1942-1959… La première partie du livre qui conte l’enfance de Dury est particulièrement instructive… Comment vous êtes-vous documenté, qui avez-vous rencontré ?

Très peu de gens en vérité. Le problème… Personne ne tient à dire du mal de Ian, mais n’en pense pas moins. Comme je le précise, en guise d’entrée en matière, en citant Baxter, le fils de Ian : « Mon père est un croisement entre Pinochet et Gandhi ». Tout est dit !

Baxter Dury était votre principale source ?

J’ai eu beaucoup de mal à recueillir son témoignage, il était très indécis : un coup peut-être, un autre non, pour finalement en arriver à cette conclusion de sa part, qui révèle en soi toute la difficulté de devoir affronter l’image et l’histoire de son père : « c’est au-dessus de mes forces ». D’un autre côté, j’ai absolument tout lu sur Ian Dury, je possède quasi tous les articles, même des fanzines, il y a pas mal d’interviews, de livres anglais… . Disons que son itinéraire s’est présenté comme un puzzle qu’il me fallait méticuleusement reconstituer. D’autant que quand j’écris une bio, inconsciemment je tente d’évoluer au plus près de l’artiste. Exactement comme si je me trouvais à ses côtés. Je l’ai rencontré une fois, en 1998, avant le concert du Bataclan, et j’ai cette image qui me sert de guide. Et puis, j’écris au présent, toujours au présent, ce qui permet au texte, au propos rapporté, de prendre une dimension bien plus qu’anecdotique… on est là. Avec lui.

Jeff Jacq (C) charl. lye
Jeff Jacq (C) charl. lye

Dury est issu de ce que l’on appelle en Angleterre la scène « pub rock », un style de promotion plus que de musique, très en vogue au début des années 70, dans le fameux Tally Ho de Kentish Town.

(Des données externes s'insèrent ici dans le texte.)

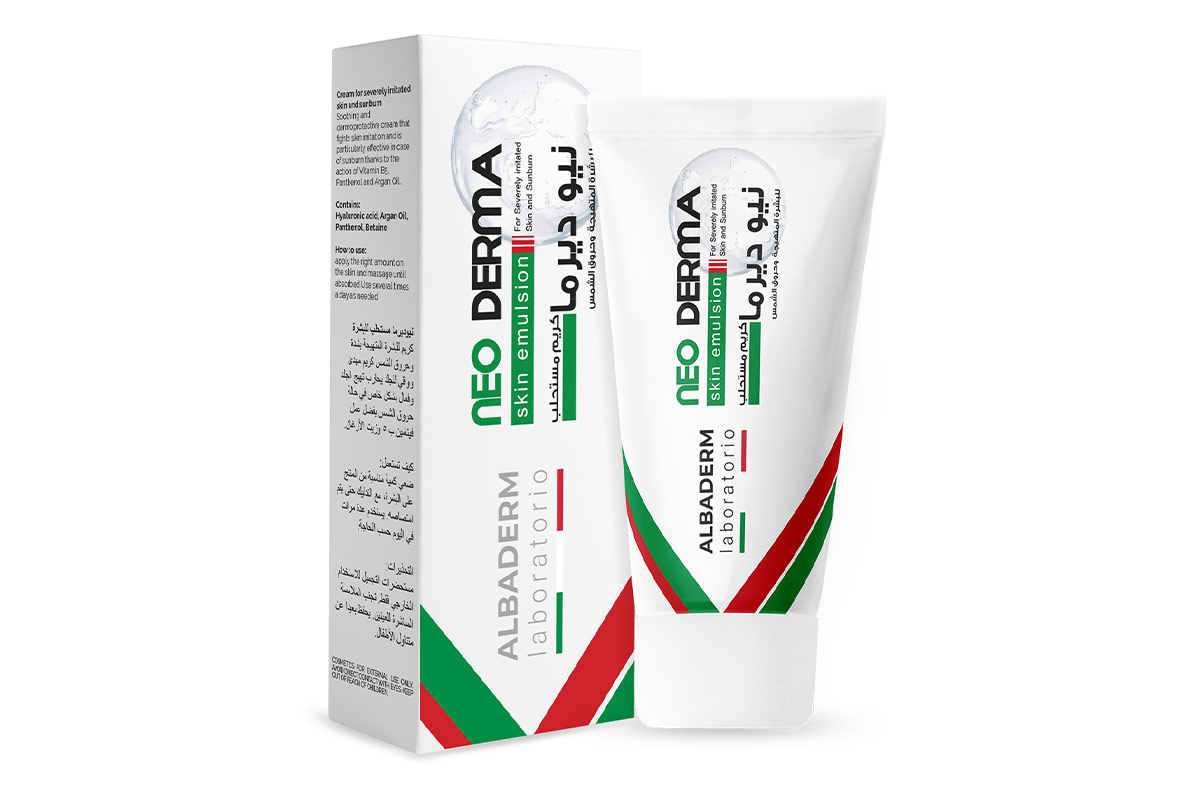 ALBADERM NEO DERMA SKIN EMULSION CREAM 100 ML - Milano Pharmacy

Le pub rock a été un phénomène, et non un style musical, en effet. Tous ces artistes qui se produisaient dans les pubs n’avaient alors aucun autre moyen de pouvoir se faire entendre. L’urgence était donc de jouer en live lors de performances qui ont difficilement pu trouver une place sur disque. Finalement, le pub rock ne dure pas, il est très vite effacé au profit du punk, sans pour autant faire oublier deux groupes qui se démarquaient à cette époque : celui de Ian Dury, Kilburn and the High Roads, qualifié de tueurs, et Dr Feelgood. Ces derniers ont d’ailleurs sorti l’un des plus grands live, « Stupidity », qui fut numéro un dans le charts au Royaume-Uni ! C’est ce qu’aurait dû faire Ian, sortir un live, un album enregistré en une prise, et il aurait alors peut-être lui aussi décroché le jackpot, à cette même époque. Ce qu’il en reste aujourd’hui ? Peu de choses : il y a eu une tournée « pub rock legends », en 2011, avec justement Dr Feelgood. Mais la plupart des pubs où la légende s’est construite ont aujourd’hui disparu.

Dans ces pages, vous évoquez cette habitude qui consiste à se promener en ville le soir du concert pour mieux connaître les petites histoires, les faits divers, le nom des rues et finalement intégrer tout ça en aparté pendant le concert… Des astuces que Joe Strummer utilisait également. C’est la même école ?

C’est une technique, en tous les cas, en vogue dans des villes où personne ne vient jouer, pour exemple dans le comté de l’Essex, si cher à Ian Dury. Cela a été une façon de doubler la mise. Non seulement on venait jouer pour ces gens qui n’en avaient pas l’habitude, mais en plus, on s’intéressait à leurs petites vies. Ce qu’ils y ont gagné l’un et l’autre, c’est la fidélité d’un public, qui leur en est reconnaissant. Londres, tout à coup, n’était plus le centre de toutes les attentions. S’il est un point commun à relever avec Ian, et d’ailleurs tant d’autres musiciens anglais, c’est que, même si Strummer n’était pas très doué, selon ce qu’il en dit, ils ont tous deux fait une école d’art. Plus qu’une école, le fait de procéder de la sorte démontrait l’intérêt particulier que ces deux artistes portaient à leur public.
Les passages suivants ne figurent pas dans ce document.